The haves are retirees who were once state or municipal workers. Their seemingly guaranteed and ever-escalating monthly pension benefits are breaking budgets nationwide.
The have-nots are taxpayers who don’t have generous pensions. Their 401(k)s or individual retirement accounts have taken a real beating in recent years and are not guaranteed. And soon, many of those people will be paying higher taxes or getting fewer state services as their states put more money aside to cover those pension checks.
At stake is at least $1 trillion. That’s trillion, with a “t,” as in titanic and terrifying.

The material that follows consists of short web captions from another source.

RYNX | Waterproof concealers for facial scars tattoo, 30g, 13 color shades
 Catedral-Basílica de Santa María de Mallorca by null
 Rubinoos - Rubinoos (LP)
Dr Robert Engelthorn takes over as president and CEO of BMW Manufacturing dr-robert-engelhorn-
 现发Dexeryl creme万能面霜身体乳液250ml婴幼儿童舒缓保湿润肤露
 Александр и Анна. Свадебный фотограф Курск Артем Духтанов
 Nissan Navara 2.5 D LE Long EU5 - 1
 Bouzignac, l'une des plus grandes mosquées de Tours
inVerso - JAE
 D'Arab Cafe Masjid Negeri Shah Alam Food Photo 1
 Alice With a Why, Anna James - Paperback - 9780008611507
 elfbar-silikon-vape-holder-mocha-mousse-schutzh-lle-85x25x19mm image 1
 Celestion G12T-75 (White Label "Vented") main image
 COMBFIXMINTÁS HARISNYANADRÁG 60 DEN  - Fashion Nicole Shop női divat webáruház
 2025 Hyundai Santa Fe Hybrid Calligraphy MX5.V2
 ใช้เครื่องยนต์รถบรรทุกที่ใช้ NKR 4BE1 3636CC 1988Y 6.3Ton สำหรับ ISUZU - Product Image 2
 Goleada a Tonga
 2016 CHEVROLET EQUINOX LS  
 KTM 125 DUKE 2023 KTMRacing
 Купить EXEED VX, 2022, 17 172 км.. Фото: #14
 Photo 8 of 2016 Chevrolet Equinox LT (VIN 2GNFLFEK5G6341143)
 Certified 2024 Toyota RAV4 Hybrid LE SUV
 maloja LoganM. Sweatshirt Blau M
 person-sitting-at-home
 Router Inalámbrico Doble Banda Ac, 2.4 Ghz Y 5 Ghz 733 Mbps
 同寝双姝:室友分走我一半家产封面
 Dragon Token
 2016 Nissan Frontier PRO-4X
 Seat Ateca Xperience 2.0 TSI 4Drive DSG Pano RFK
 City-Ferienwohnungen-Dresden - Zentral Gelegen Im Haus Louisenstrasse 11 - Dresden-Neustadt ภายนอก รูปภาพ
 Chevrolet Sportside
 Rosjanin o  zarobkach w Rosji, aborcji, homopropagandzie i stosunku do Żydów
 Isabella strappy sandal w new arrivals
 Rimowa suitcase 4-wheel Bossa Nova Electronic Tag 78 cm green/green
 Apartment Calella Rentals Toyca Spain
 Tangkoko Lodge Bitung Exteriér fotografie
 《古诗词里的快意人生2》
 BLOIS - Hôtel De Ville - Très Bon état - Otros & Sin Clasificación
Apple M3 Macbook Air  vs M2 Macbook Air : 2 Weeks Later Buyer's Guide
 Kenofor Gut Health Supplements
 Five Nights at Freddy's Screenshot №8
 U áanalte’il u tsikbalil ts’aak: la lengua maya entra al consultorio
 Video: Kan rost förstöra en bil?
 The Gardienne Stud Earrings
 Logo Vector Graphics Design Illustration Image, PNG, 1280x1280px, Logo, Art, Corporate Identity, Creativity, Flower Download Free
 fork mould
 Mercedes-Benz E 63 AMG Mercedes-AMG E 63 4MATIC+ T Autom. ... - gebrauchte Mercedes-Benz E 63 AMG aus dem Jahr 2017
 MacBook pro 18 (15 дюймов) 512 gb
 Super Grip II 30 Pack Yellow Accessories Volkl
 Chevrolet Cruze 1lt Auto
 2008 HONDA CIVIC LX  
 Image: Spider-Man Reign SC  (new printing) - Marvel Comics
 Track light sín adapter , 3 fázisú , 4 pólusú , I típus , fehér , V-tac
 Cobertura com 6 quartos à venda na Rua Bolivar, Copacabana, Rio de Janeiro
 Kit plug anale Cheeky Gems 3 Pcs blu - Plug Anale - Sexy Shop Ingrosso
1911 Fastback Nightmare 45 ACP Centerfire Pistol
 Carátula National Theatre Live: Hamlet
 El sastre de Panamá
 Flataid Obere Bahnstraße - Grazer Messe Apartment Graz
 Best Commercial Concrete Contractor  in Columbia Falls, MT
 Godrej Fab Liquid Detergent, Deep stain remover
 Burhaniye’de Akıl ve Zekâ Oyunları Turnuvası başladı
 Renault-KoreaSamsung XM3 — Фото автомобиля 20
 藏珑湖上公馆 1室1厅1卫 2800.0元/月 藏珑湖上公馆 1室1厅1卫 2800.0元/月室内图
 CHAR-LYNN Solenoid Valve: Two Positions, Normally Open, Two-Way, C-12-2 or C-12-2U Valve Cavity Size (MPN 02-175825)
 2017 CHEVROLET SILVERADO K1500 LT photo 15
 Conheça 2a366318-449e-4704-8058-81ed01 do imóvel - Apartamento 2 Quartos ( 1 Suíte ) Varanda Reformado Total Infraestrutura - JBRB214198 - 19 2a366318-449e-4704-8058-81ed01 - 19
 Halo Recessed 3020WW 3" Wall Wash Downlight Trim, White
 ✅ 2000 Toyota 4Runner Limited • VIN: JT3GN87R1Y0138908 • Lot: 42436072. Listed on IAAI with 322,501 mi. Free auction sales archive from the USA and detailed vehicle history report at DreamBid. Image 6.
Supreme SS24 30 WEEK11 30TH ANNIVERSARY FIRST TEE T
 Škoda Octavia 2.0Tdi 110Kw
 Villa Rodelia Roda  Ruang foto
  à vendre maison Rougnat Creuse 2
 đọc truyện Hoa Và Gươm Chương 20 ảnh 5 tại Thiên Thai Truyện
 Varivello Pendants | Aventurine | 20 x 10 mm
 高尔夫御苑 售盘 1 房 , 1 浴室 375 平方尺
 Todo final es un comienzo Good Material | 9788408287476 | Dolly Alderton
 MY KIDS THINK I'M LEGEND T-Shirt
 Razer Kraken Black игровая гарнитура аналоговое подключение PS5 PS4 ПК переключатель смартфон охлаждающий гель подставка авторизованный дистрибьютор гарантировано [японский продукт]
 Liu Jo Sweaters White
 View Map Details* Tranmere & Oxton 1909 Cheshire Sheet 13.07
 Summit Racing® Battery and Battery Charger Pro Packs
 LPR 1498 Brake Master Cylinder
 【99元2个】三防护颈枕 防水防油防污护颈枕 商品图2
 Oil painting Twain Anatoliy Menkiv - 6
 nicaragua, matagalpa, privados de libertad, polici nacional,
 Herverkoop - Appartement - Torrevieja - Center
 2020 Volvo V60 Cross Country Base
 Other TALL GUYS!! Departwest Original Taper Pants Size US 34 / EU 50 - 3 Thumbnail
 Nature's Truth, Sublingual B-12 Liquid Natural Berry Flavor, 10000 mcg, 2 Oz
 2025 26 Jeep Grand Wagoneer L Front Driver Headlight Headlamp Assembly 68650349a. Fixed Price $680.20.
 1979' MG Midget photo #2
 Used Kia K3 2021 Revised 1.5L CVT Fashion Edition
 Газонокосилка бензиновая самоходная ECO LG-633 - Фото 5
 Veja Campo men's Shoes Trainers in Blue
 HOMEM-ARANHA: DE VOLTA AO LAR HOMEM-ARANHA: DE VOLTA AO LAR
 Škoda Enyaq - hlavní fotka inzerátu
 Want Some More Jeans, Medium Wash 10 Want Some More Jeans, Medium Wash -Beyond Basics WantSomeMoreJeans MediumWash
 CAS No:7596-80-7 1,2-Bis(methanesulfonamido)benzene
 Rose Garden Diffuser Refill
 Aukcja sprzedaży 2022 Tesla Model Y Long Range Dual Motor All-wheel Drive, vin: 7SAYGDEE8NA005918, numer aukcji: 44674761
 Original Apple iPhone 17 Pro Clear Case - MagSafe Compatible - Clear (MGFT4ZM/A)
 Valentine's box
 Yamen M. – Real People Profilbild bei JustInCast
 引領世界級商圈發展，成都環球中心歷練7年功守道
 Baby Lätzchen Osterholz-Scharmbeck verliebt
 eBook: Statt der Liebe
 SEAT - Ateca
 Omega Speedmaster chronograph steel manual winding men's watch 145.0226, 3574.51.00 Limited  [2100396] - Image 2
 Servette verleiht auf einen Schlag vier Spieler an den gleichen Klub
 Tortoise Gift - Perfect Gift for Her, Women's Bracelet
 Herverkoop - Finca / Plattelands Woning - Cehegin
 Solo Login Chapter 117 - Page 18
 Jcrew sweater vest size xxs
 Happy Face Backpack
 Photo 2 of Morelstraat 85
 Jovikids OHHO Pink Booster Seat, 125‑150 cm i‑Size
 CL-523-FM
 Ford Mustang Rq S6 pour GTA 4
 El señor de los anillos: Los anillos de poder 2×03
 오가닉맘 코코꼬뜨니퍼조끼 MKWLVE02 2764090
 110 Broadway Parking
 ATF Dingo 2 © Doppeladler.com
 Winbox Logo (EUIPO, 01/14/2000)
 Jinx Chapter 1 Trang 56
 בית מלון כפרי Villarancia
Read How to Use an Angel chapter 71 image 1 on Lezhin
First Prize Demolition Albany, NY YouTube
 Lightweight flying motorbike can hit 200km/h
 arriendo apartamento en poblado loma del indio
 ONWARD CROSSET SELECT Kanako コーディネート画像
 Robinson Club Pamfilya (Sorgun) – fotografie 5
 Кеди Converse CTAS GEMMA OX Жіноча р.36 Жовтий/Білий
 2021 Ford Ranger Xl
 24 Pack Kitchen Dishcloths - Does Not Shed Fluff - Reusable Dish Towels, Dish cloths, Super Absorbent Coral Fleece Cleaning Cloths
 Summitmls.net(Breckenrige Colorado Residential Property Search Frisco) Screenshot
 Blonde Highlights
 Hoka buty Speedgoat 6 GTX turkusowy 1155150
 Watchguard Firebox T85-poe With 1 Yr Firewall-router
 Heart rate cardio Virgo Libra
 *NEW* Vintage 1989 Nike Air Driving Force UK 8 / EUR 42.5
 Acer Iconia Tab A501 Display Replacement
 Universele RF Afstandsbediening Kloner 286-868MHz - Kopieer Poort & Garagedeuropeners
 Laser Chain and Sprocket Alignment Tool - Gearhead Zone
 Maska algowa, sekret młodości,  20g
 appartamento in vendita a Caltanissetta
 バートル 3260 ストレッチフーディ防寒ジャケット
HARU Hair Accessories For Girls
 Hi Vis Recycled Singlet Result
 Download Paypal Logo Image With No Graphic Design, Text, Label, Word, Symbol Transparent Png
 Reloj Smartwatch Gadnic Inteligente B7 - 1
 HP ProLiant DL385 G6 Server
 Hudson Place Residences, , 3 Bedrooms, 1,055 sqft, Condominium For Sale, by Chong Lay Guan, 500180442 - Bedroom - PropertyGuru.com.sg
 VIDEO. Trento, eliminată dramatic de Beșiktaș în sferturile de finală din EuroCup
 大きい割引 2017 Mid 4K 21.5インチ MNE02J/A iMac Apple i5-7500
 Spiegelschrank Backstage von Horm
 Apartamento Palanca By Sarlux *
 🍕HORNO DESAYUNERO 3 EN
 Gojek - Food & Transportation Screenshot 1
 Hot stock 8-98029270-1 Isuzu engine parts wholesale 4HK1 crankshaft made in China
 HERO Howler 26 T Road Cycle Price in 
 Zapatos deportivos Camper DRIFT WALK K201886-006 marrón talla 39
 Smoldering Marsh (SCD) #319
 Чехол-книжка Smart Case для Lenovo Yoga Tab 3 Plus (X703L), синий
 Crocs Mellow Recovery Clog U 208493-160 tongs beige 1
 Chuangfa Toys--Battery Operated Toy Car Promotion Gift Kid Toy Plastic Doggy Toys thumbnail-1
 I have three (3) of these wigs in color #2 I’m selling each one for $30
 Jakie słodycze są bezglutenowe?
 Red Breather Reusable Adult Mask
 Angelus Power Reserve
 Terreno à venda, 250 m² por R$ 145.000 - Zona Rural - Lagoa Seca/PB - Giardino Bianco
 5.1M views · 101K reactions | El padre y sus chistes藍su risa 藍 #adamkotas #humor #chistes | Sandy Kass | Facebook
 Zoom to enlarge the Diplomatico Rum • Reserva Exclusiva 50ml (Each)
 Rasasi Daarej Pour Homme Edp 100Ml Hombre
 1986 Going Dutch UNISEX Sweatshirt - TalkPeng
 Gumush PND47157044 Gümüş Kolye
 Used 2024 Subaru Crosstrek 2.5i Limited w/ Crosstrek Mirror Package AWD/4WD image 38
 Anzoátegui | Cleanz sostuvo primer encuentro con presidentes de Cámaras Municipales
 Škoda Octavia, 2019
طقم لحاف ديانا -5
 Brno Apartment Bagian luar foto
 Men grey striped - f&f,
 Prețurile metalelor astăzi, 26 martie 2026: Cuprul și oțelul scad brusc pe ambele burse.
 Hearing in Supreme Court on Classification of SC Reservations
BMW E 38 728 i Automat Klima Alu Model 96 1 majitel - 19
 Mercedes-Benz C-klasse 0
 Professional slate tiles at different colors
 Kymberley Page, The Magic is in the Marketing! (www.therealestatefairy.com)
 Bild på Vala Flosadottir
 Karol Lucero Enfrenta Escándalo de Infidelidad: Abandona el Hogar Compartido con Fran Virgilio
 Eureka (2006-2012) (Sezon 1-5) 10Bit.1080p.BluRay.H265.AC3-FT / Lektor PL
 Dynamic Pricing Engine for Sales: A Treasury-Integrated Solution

***Mr. Justus, 62, who taught math for 29 years in the Denver public schools, says he thinks it could cost him half a million dollars if he lives another 30 years. He also notes that just about all state workers in Colorado do not (and cannot) pay into Social Security, so the pension is all retirees have to live on unless they have other savings.
No one disputes these figures. Instead, they apologize. “All I can say is that I am sorry,” said Brandon Shaffer, a Democrat, the president of the Colorado State Senate, who helped lead the bipartisan coalition that pushed through the changes. (He also had to break the news to his mom, a retired teacher.) “I am tremendously sympathetic. But as a steward of the public trust, this is what we had to do to preserve the retirement fund.”
I’m sympathetic to the budgetary issues, and I agree that there need to be changes to the pension guarantees for new and current employees, but I simply do not understand how you go back and change the contract you made with someone decades ago. Mr. Justus and those like him did what they were supposed to do- they agreed to work for a certain amount of money yearly with the understanding that they would have a decent pension upon retirement. They have no access to social security, they probably did not save in 401K’s or other programs because they knew they had a defined pension as well as the fact that they probably accepted less annual salary in exchange for the benefits they were promised and as such could not really build an independent nest egg.
And now, when the times are lean, lawmakers think they can just go and screw all the people who kept their side of the bargain. It’s just wrong.
And let there be no doubt that there will be a class war over this. Matt Welch and the glibertarian wingnut welfare recipients at Reason have been beating this drum for a while now.